PF Interest Calculation: How much interest money will come to your PF account? Do accurate calculations yourself in 2 minutes


PF Interest Calculation: How much interest money will come to your PF account? Do accurate calculations yourself in 2 minutes

Provident Fund (PF) is the biggest support for future security for employed people i.e. salaried class. This fund not only comes in handy in case of any sudden medical or personal emergency, but also makes life after retirement completely secure and stress-free. According to the rules of the Employees Provident Fund Organization (EPFO), if the basic monthly salary of an employee is Rs 15,000 or more, then it becomes mandatory for him to come under the EPF scheme.

Recently EPFO ​​has revised the interest rate on PF deposits for the financial year 2025-26. 8.25% But have decided to retain it. Since this announcement, this question is arising in the minds of crores of employees that how much interest money will come to their account and how is it calculated?

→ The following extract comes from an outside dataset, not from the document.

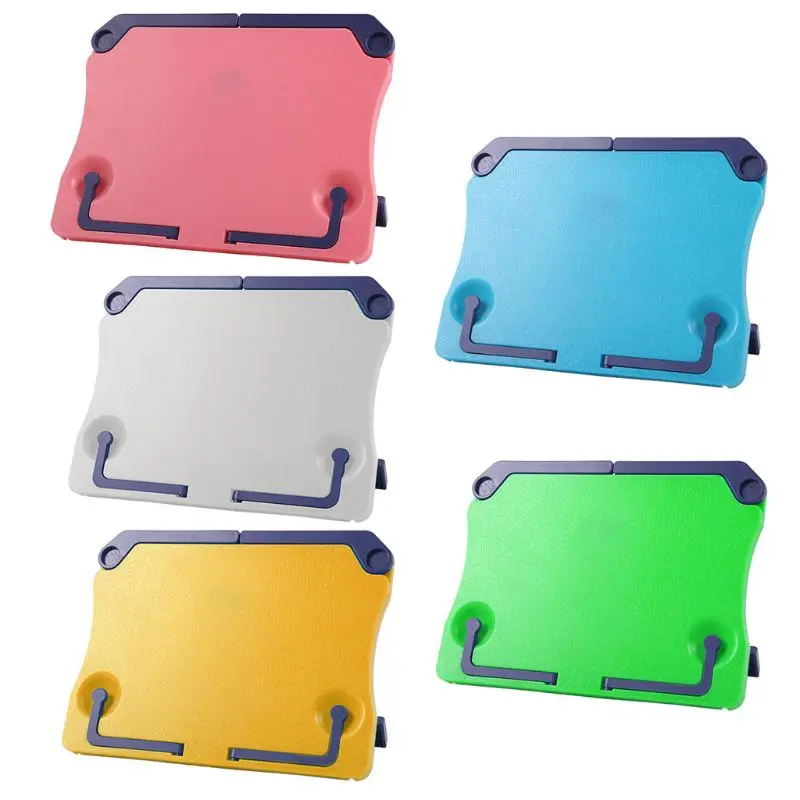 

New Document Reading Book Stand Bookend Score Recipe Shelf Folding Holder Organizer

How much and where does the money go in your PF account?

When your salary comes, a fixed portion is deducted in the name of PF. This contribution comes from two sides:

  • Employee Contribution: The employee has to pay his basic salary and dearness allowance (DA). 12% The share has to be compulsorily deposited in your PF account.

  • Company’s Share (Employer Contribution): The same amount (12%) is also deposited by your company or employer. However, this 12% of the company does not go directly to one place, but is divided into 3 different parts:

    1. 3.67% share: Directly deposited into your EPF account.

    2. 8.33% share: Goes to the Employee Pension Scheme (EPS), which provides pension after retirement.

    3. Remaining part: Deposit is made in EDLI i.e. Employee Deposit Linked Insurance Scheme.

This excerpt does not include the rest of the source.